2. The other idea that I thought was interesting was he addressed how teaching courses for math teachers (for example in this program) is different than other mathematics classes. The undergraduate classes that he gives in a 'for Teachers' program do not go into depth. The courses I have taught in this MA program always keep in mind two ideas (1) the students taking the course do not have the same background as each other or even a core basis that I can assume everyone knows and (2) the content that we do teach is not required for other courses. In other graduate and undergraduate courses the purpose is to teach a subject with a depth that can only be reached by assuming the students have understood and remember the material that came before.

3. He also touched on some of the skills that we need to provide students with for them to succeed in mathematics. For him it was less about what content we teach students, but what skills we provide them with. Some examples of skills that he mentioned are: how to read a math textbook, how to recognize when a teacher is skipping steps (and why), how to approach a problem that cannot be solved in 5 minutes, etc.

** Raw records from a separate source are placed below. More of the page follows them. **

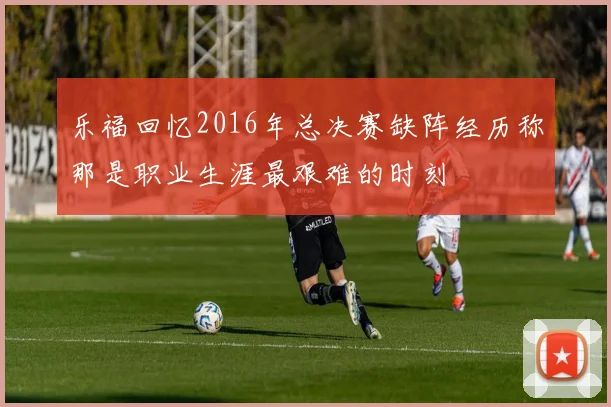 乐福回忆2016年总决赛缺阵经历称那是职业生涯最艰难的时刻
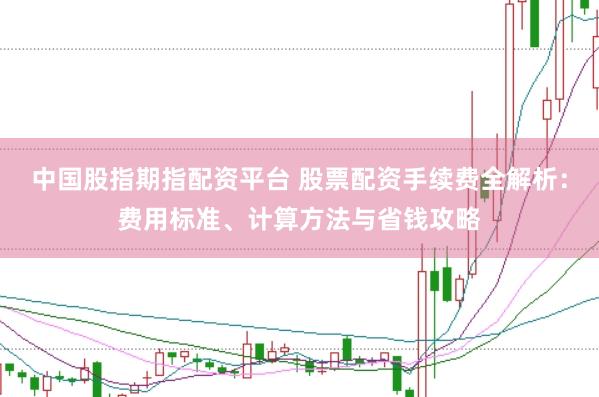 中国股指期指配资平台 股票配资手续费全解析:费用标准、计算方法与省钱攻略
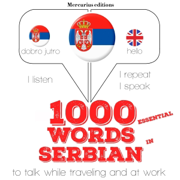 1000 essential words in Serbian: I Listen. I Repeat. I Speak.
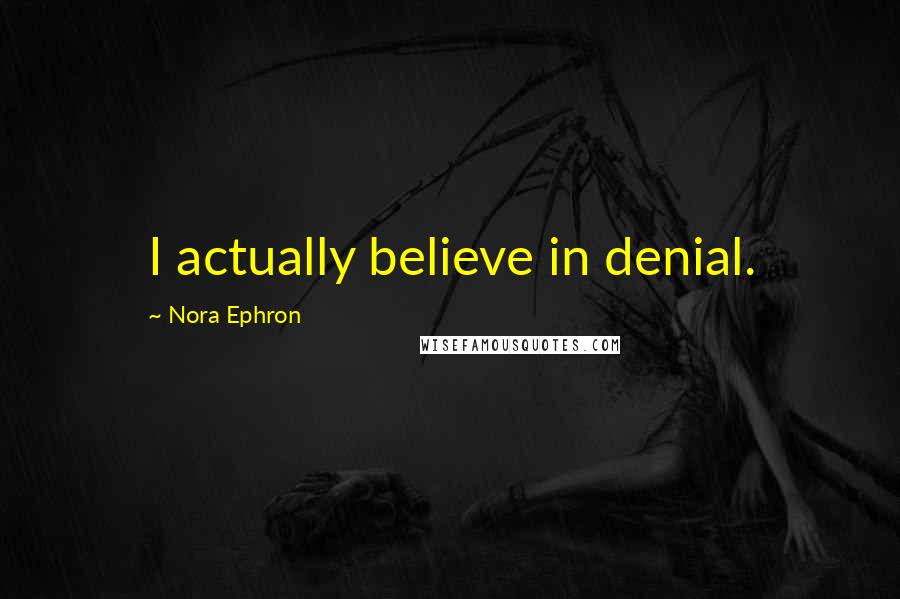 Nora Ephron Quotes: I actually believe in denial.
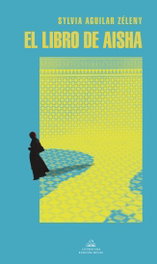 El libro de Aisha (Mapa de las lenguas), Sylvia Aguilar Zéleny - RANDOM HOUSE
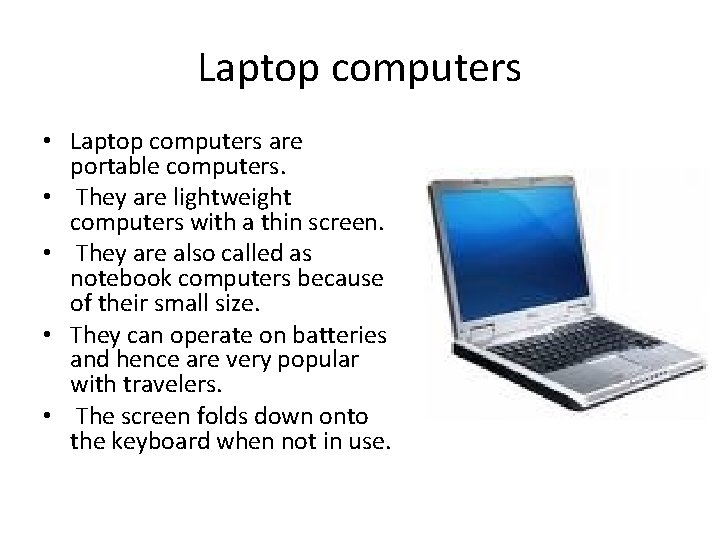 Laptop computers • Laptop computers are portable computers. • They are lightweight computers with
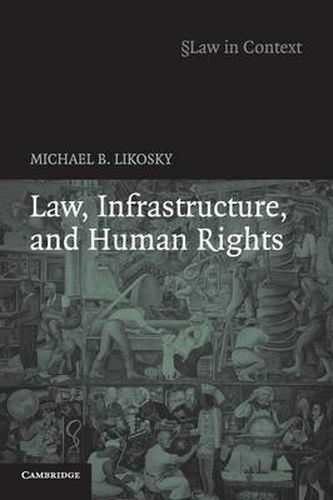 Cover image for Law, Infrastructure and Human Rights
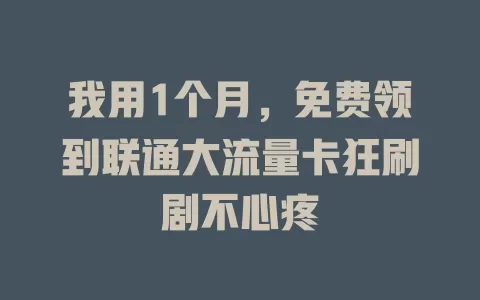 我用1个月，免费领到联通大流量卡狂刷剧不心疼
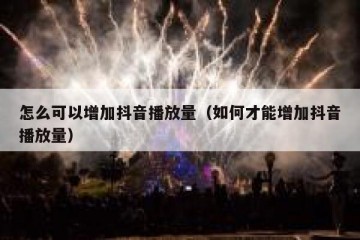 怎么可以增加抖音播放量（如何才能增加抖音播放量）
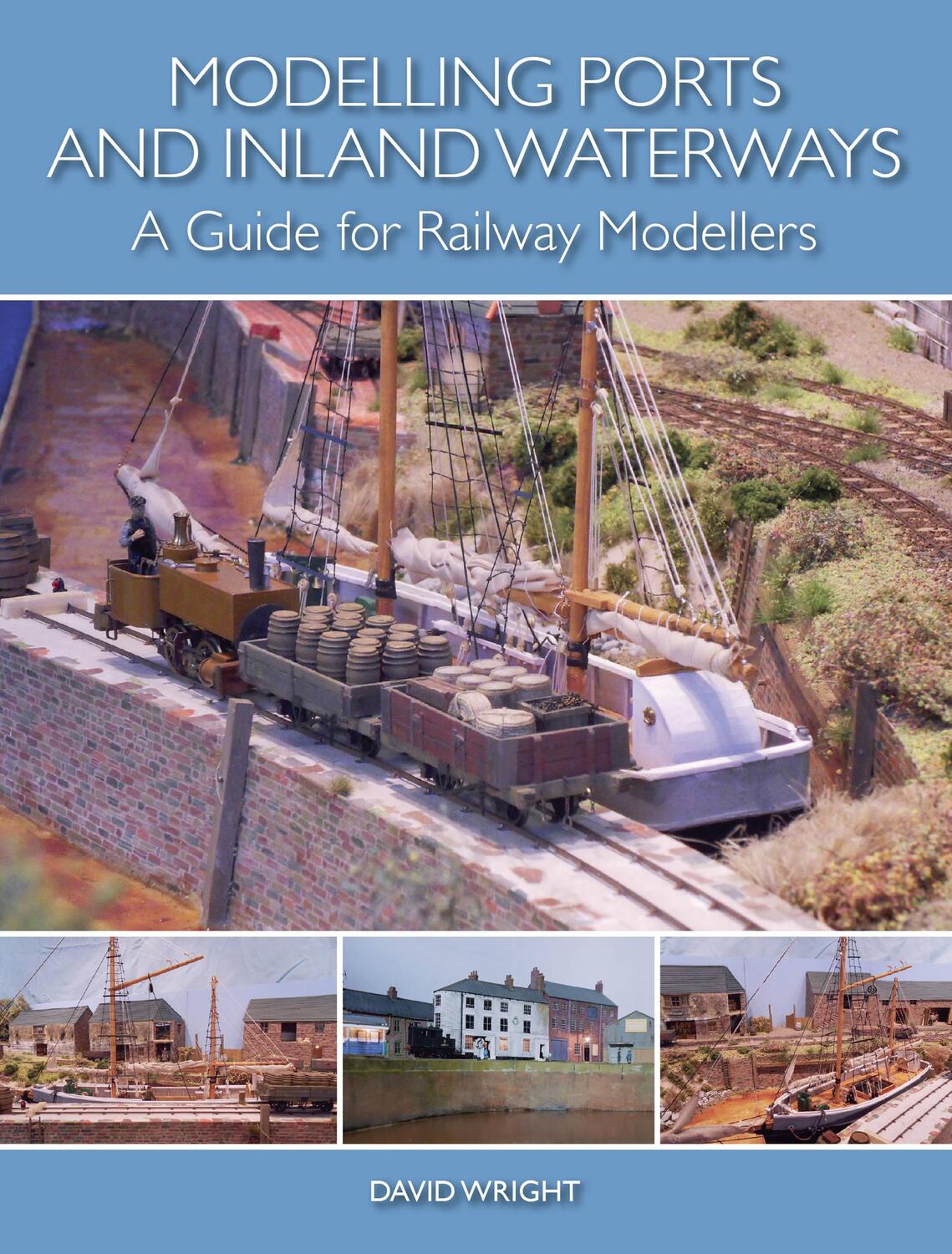 Cover: 9781785001673 | Modelling Ports and Inland Waterways | A Guide for Railway Modellers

From my iPhone so this may be edited later.

Thursday, June 4, 2009

Girls v. Boys now a tie in Math

A report on the state of U.S. education in the Proceedings of the National Academy of Sciences says that a performance gap between girls and boys has narrowed significantly in recent years. The researchers also found a correlation between cultural gender equality and performance by girls in mathematics. There are still some achievement gaps but this study indicates that past achievement disparity between gender is likely attributable to factors other than the popular belief that 'boys have a math gene and girls don't.'

Here's some of the buzz:
Math: It's not a gender thing
Women Bridging Gap in Science Opportunities
Culture, Not Biology, Underpins Math Gender Gap
Girls Vs. Boys At Math
Sharon Begley: The Math Gender Gap Explained
Subject: The (Math) Gap - a critique

Women in Mathematics II

Back in March I posted an article about some research on opportunities in mathematics for women. Yesterday the New York Times published a summary about a report by the National Research Council on the state of opportunities for women in science and engineering. In summary (quoting from the article):

In recent years “men and women faculty in science, engineering and mathematics have enjoyed comparable opportunities,” the panel said in its report, released on Tuesday. It found that women who apply for university jobs and, once they have them, for promotion and tenure, are at least as likely to succeed as men.